En Conferencia de Prensa celebrada en las instalaciones de la empresa Goya, que ha sido el mayor auspiciador por más de 30 años ininterrumpidos, el nuevo apoderado del quinteto Alfredo P. Gotay Zorrilla se mostró positivo en que la nueva plantilla que han estructurado pueda consagrarse con el máximo galardón, que por última ocasión pudieron alcanzar en la campaña 2009.

Esto fue lo que precisamente Carlos A. Unanue, presidente de la prestigiosa empresa Goya, sostuvo que a pesar de los difíciles momentos que vive el país, se mantuvo el compromiso de colaborar al “reconocer la acción deportiva como una fuente de sana recreación familiar que debe permanecer en la vida de los puertorriqueños. Por eso hemos decidido continuar nuestro respaldo a los Vaqueros, como ha sido durante los pasados 32 años, confiando que la temporada será una de alto nivel competitivo, de buen baloncesto, muchas victorias y de un nuevo campeonato”, finiquitó.

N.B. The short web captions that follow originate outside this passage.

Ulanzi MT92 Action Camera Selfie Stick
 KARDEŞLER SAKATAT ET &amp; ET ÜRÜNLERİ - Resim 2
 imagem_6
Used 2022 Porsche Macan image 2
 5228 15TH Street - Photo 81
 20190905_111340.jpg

Gotay Zorrilla, por su parte, indicó que “la mejor manera de ganarnos la confianza de la fanaticada es hacer un buen equipo”, dijo el propietario absoluto del conjunto que debuta como visitante ante los Piratas en el Coliseo Raymond Dalmau de Quebradillas el 7 de abril, para luego recibir a los Cariduros de Fajardo el domingo 9 de abril en el Coliseo Rubén Rodríguez de Bayamón.

“Somos el único equipo que tiene un gerente general que es un inmortal”, destacó en referencia a Franklin Western, quien fuera exaltado recientemente por su gran trayectoria como jugador de los Vaqueros. “Nos ha traído unas herramientas que ha permitido una mejor comunicación con los jugadores, que son nuestros héroes. Esperamos y estamos seguros que vamos a salir bien”, añadió Gotay Zorrilla sobre el cumplimiento con el personal para una productividad mayor hacia la organización.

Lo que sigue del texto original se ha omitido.